::: DATA TO EXAMINE

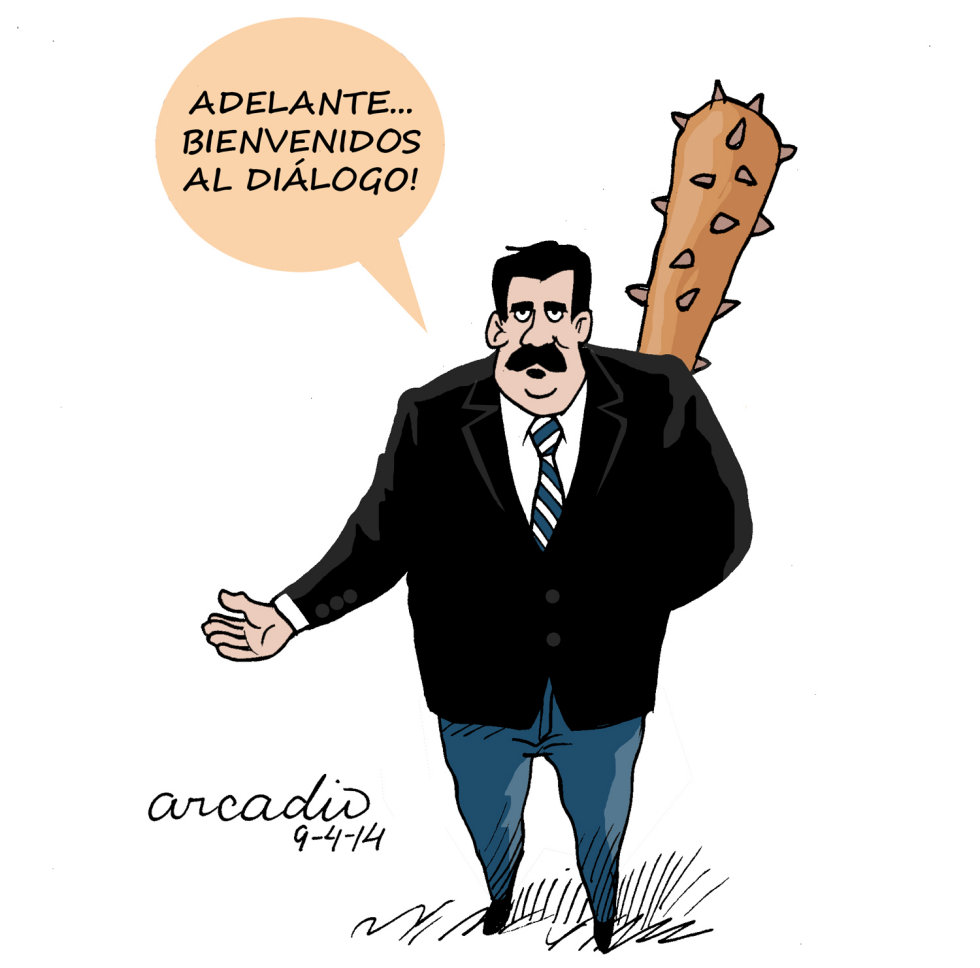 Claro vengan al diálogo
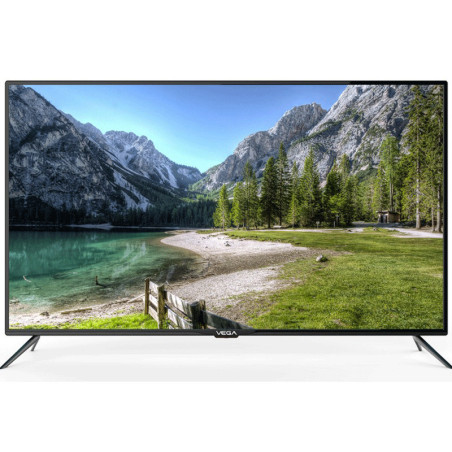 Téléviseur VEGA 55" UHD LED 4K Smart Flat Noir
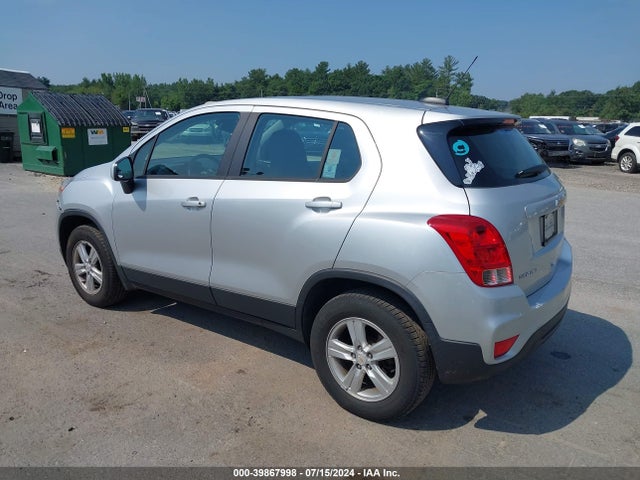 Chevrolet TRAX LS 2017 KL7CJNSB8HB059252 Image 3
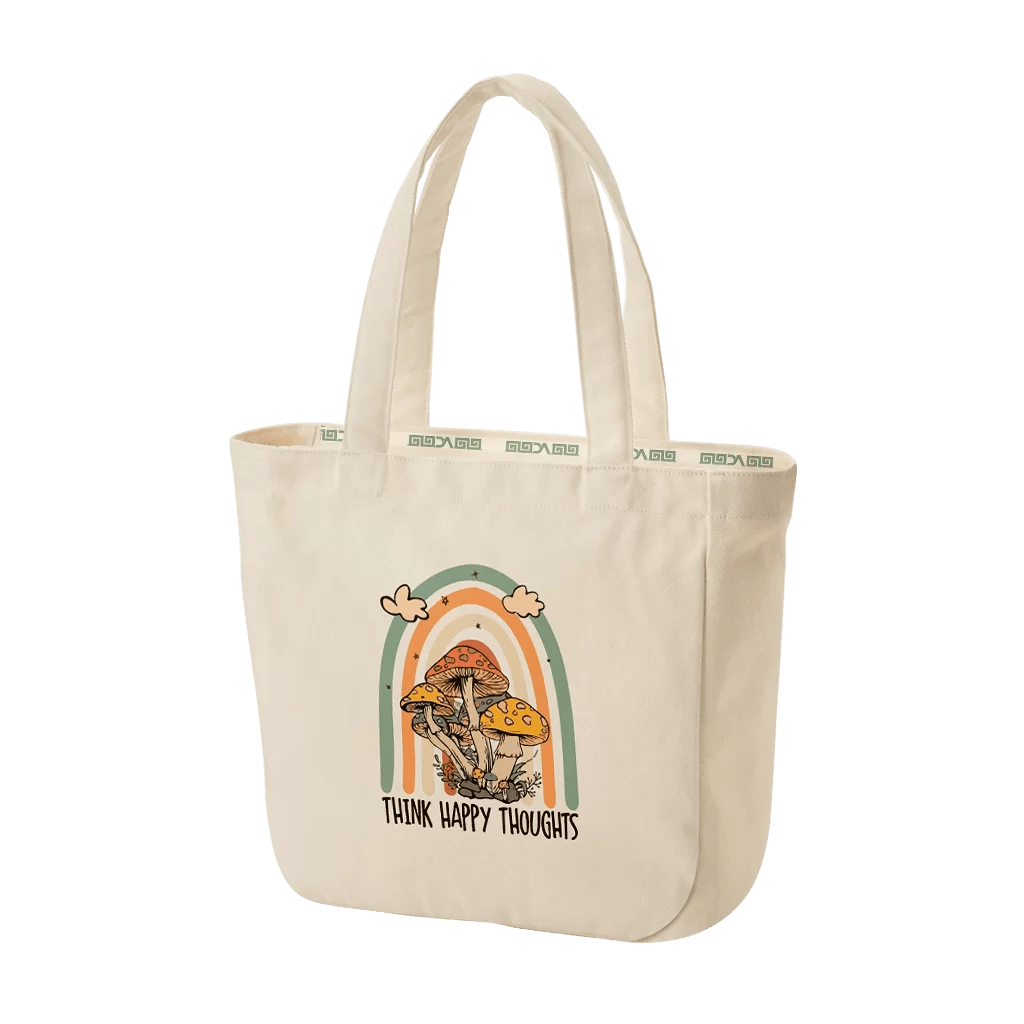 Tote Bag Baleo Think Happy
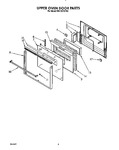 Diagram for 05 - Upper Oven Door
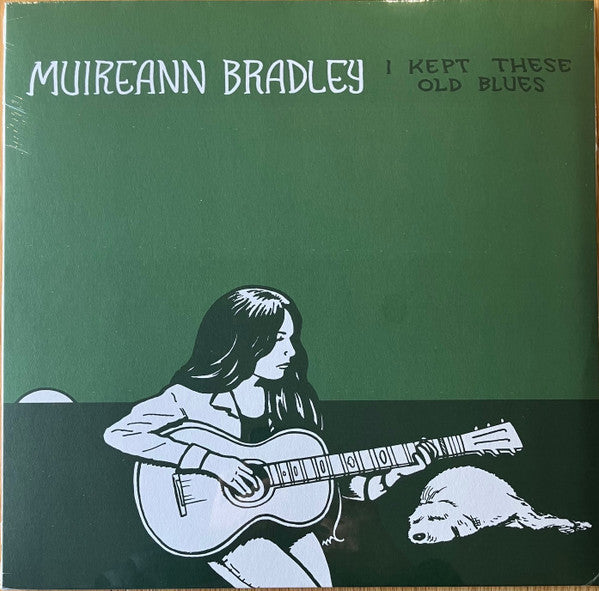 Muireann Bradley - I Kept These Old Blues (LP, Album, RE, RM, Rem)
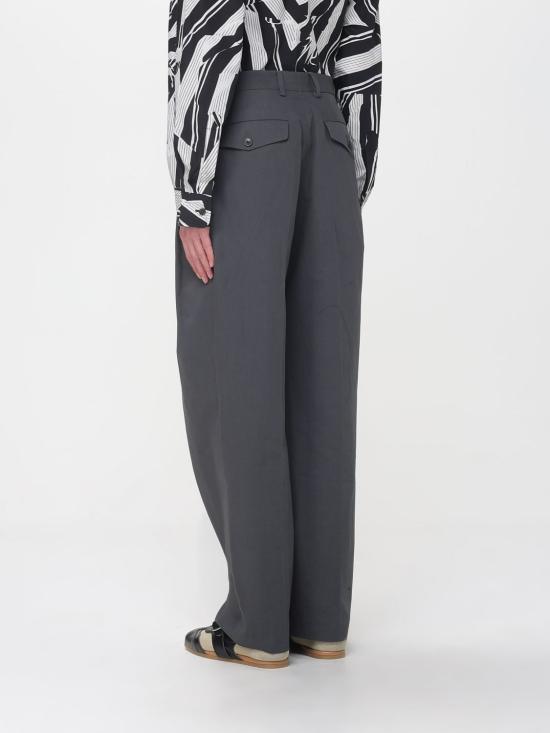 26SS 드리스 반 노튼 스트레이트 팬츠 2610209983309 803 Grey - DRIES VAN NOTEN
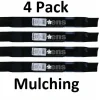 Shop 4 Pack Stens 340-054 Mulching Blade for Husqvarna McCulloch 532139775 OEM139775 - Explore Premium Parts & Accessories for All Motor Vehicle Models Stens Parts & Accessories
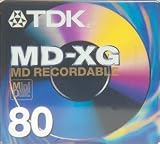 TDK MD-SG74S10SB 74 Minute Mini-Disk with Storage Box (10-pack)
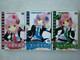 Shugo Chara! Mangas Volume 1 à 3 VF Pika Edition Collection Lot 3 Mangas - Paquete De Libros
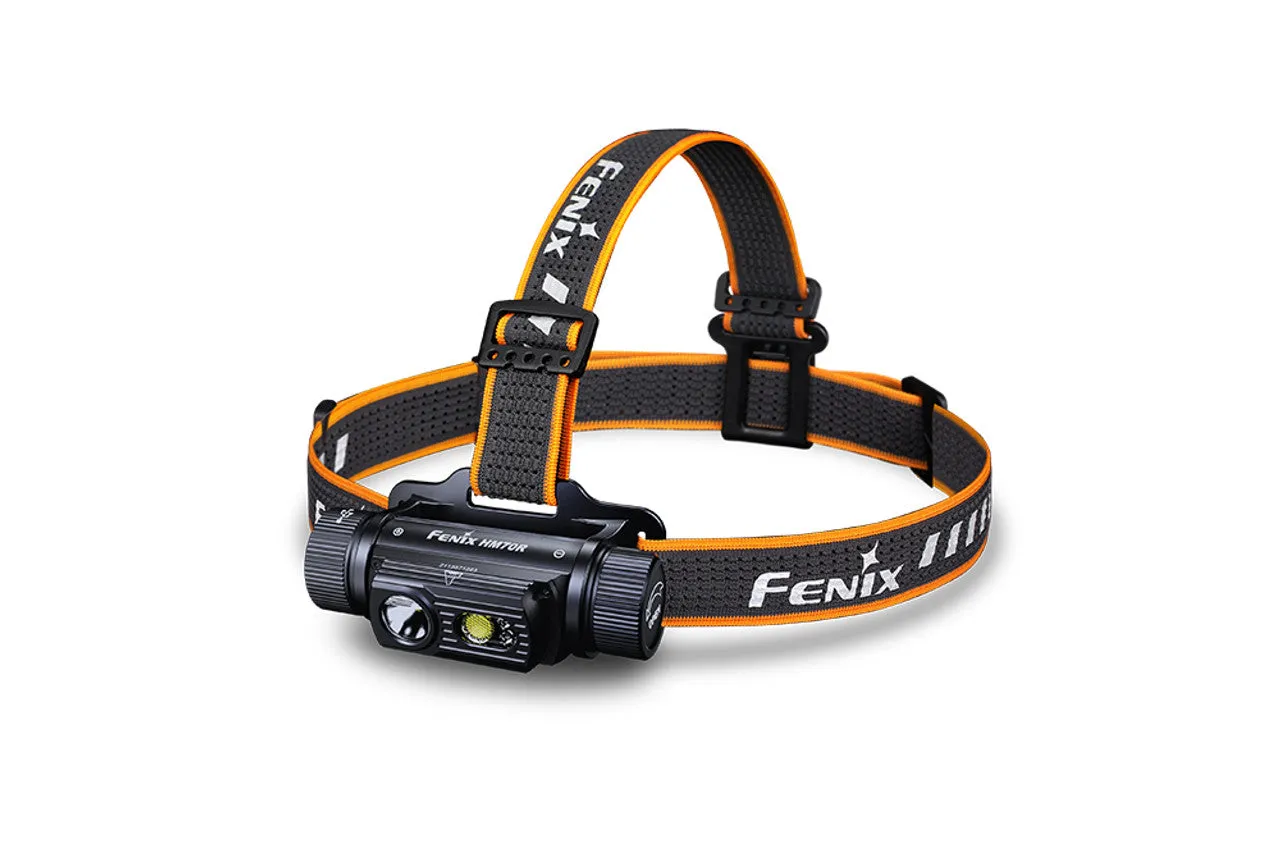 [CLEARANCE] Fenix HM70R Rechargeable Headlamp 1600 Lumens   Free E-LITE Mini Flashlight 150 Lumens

::::::
::: DATA TO EXAMINE

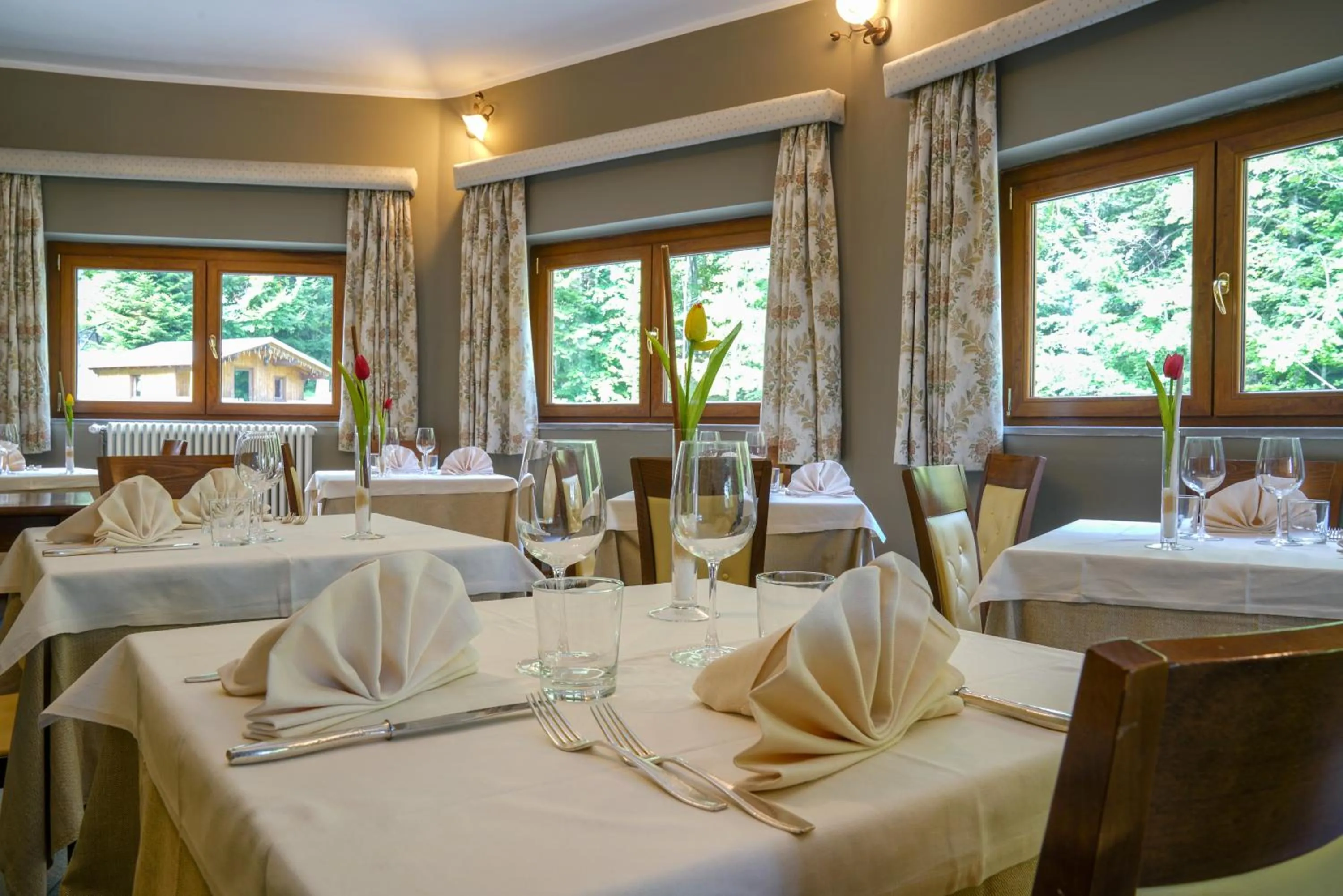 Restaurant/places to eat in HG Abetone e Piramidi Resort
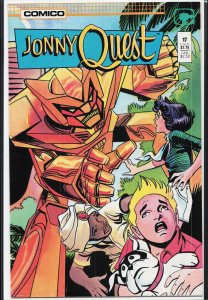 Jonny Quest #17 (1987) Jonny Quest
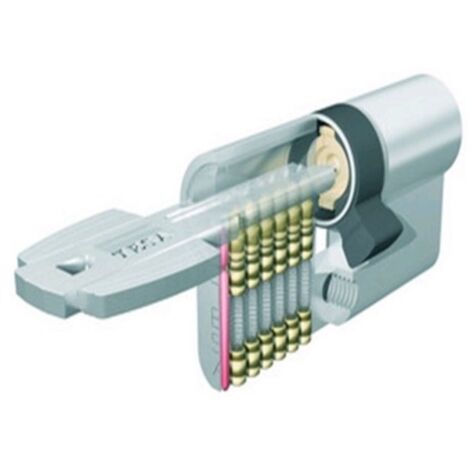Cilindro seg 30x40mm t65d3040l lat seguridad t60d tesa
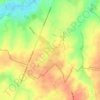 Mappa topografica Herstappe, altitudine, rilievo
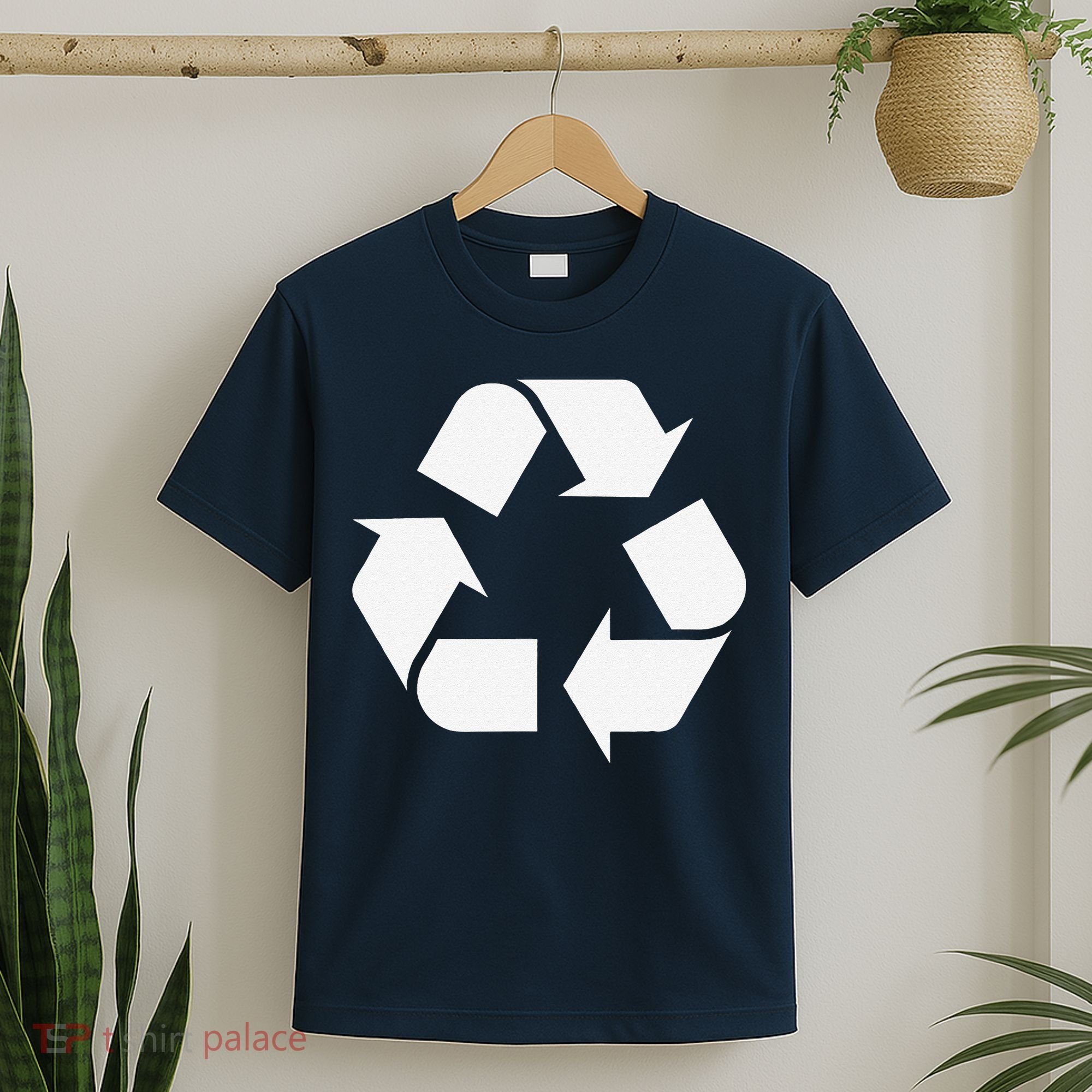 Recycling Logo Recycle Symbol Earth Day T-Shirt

::::::

* [YOUR ASSIGNMENT]: Transcribe only this stretch of the data: the line with "Restaurant/places to eat", the line with "Recycling Logo Recycle", and every line in between. Leave out the pictures.

* [PROBLEM SOLUTION]:
 Restaurant/places to eat in HG Abetone e Piramidi Resort
 Jonny Quest #17 (1987) Jonny Quest
Cilindro seg 30x40mm t65d3040l lat seguridad t60d tesa
 Mappa topografica Herstappe, altitudine, rilievo
 Recycling Logo Recycle Symbol Earth Day T-Shirt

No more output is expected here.